The defeat completed a somewhat inexplicable season-ending skid for a Tigers team that had three wins over top-10 teams, including beating a future No. 1 seed in Illinois, and went 9-4 against NCAA Tournament teams but ultimately lost seven of its last 10.
Asked how to account for that afterward, MU coach Cuonzo Martin pointed to what he called “a little bit of this or that.”
Then he noted the three-game losing streak that started the descent and included Jeremiah Tilmon missing two games on a leave of absence following a death in the family.
Mizzou, he said, “just never really got over the hump consistently” again after that.
To be sure … even if just why really remains unclear.
But wherever it all went awry, this NCAA loss came with its own distinctly anguishing ending.
Not just because MU couldn’t even generate a three-point shot down 70-67 in the final seconds after the Herculean Dru Smith’s two threes and a defensive stop in the final minute had given them a last chance.

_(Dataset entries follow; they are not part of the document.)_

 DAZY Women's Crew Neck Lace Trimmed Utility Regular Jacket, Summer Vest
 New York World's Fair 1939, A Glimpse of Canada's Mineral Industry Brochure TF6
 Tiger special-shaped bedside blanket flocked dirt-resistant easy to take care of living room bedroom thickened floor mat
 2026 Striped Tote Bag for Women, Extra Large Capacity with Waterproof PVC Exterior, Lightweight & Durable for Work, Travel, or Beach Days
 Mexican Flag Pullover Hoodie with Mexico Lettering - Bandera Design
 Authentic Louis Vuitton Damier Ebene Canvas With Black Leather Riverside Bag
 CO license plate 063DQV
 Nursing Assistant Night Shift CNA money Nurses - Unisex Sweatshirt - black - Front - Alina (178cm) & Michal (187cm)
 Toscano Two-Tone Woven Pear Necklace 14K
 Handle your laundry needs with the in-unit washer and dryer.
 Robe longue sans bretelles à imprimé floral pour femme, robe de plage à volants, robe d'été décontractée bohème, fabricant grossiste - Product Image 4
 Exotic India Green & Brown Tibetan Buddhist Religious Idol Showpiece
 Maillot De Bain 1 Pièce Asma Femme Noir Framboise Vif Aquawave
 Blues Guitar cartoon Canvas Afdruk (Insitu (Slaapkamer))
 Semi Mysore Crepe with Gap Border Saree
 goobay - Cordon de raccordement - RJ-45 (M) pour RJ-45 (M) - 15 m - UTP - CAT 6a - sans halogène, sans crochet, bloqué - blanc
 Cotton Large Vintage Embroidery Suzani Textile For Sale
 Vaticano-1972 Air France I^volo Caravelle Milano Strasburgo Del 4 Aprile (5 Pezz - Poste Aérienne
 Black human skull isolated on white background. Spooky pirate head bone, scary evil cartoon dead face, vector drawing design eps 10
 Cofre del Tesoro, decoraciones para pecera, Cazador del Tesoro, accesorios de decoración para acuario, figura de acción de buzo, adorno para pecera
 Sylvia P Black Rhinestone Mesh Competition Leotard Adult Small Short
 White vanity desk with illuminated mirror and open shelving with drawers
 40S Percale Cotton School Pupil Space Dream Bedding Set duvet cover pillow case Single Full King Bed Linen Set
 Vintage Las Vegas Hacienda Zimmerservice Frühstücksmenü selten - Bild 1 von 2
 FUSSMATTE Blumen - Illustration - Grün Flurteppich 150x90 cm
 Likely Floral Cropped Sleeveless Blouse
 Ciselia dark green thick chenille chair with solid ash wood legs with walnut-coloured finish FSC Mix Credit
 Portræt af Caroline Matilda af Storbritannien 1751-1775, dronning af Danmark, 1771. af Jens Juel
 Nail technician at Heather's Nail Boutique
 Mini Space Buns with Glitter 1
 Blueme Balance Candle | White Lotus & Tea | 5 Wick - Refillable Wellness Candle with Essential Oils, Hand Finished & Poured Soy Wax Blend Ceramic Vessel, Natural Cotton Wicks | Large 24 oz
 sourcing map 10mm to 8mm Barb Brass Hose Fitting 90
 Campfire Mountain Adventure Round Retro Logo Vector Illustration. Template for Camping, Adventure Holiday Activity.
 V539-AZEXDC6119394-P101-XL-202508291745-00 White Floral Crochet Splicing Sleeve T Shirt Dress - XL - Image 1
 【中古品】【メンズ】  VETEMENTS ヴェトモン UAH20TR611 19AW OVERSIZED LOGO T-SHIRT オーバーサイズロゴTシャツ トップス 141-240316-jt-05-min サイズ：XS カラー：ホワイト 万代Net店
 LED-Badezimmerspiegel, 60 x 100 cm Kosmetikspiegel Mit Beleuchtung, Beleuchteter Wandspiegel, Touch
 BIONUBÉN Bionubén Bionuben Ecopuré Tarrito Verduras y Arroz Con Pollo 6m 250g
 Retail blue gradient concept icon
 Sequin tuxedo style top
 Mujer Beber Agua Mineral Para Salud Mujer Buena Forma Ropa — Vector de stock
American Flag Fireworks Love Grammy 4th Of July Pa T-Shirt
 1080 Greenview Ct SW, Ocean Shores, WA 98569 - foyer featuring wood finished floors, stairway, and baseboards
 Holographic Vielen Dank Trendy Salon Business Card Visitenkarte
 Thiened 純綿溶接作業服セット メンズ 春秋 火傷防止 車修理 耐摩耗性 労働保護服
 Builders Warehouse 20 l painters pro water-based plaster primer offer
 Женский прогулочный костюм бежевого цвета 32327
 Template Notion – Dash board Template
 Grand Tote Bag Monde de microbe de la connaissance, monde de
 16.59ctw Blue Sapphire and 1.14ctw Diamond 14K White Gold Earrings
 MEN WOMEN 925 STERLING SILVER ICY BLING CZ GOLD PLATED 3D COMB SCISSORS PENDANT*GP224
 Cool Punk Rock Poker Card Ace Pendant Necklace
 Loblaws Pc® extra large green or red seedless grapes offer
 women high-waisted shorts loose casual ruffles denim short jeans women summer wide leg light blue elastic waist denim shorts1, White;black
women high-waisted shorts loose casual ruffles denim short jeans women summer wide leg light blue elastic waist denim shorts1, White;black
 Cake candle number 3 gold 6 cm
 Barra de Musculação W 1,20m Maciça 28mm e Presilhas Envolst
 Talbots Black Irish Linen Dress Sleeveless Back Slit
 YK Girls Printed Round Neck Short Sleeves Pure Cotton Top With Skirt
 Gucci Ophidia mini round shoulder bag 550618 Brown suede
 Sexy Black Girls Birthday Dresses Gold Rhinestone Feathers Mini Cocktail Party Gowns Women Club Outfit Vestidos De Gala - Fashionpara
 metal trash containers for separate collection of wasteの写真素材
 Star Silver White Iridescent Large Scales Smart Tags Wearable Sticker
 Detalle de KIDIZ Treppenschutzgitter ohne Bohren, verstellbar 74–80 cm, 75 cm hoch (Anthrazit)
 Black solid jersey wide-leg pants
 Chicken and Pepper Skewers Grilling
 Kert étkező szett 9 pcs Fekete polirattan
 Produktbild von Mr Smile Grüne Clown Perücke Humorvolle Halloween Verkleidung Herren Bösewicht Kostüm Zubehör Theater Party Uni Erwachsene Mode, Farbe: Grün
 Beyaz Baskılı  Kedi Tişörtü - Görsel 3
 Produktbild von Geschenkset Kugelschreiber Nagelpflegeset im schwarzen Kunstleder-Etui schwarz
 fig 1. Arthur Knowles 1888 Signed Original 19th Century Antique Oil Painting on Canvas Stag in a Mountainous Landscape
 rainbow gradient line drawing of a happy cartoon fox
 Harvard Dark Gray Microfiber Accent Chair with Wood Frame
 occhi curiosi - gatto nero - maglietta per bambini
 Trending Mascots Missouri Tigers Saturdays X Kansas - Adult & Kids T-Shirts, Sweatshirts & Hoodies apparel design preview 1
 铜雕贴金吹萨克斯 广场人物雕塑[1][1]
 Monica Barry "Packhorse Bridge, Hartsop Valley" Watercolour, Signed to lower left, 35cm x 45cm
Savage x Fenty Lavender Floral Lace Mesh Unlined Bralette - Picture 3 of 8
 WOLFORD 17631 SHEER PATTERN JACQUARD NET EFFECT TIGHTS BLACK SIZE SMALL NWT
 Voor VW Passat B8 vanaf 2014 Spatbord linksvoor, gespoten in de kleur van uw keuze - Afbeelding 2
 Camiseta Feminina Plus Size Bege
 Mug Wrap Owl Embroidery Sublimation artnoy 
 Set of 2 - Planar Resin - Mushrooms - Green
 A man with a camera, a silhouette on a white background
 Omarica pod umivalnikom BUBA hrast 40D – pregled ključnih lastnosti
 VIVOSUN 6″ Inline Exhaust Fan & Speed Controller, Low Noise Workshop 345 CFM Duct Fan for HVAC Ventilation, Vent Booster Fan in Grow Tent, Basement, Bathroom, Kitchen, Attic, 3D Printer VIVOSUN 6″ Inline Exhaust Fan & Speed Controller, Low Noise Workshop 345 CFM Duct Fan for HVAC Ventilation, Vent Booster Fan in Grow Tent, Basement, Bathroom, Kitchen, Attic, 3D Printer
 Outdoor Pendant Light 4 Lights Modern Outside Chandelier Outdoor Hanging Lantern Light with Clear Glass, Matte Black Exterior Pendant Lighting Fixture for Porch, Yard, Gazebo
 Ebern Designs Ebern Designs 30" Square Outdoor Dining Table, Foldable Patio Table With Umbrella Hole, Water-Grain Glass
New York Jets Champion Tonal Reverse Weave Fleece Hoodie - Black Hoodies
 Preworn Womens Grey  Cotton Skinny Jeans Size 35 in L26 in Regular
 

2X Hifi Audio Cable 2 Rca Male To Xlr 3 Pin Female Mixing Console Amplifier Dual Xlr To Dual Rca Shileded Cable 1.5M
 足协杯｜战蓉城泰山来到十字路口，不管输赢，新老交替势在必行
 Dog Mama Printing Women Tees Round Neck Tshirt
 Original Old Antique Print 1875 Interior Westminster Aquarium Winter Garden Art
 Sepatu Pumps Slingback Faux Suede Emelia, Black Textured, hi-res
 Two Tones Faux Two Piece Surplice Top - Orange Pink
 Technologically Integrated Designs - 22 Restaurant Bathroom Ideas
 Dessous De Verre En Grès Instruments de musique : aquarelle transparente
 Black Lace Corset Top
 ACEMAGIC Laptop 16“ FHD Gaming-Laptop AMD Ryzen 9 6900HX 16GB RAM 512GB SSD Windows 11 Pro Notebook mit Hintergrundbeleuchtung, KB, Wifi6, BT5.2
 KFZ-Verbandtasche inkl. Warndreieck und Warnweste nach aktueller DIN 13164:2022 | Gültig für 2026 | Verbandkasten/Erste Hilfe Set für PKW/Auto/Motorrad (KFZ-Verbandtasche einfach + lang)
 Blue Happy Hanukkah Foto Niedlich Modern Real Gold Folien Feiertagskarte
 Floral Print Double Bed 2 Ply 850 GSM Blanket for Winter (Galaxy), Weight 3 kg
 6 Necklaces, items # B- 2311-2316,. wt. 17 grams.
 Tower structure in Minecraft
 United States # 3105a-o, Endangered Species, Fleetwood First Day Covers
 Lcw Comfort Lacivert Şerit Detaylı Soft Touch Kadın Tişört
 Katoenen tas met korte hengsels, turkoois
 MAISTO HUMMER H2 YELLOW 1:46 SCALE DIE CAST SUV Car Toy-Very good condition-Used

The end also stung because this was a veteran team in Martin’s fourth season, a team featuring five seniors and others who may have played their last game.
That makes for both a certain extra devastation among them even while it also prompts the question of … if not now, when, will Mizzou resume having a program that regularly wins tournament games?
Reflecting on his career after the game, Tilmon said he was proud of having been part of turning around the program and building a culture and hopes it continues from here.
In fact, Tilmon isn’t wrong about what’s happened the last few years even if it’s not particularly satisfying without the tournament wins that resonate most as a gauge of a program.
MU is 66-56 under Martin after going 27-68 the three previous seasons. It’s 30-40 in Southeastern Conference play after having been 8-46. Meanwhile, Martin has proven himself to be exactly the sort of man of integrity and conscience you want as the face of your program.
But, geez, a first NCAA Tournament win at Missouri could have gone a long way towards appeasing a grumbling fan base and creating credibility momentum toward the future.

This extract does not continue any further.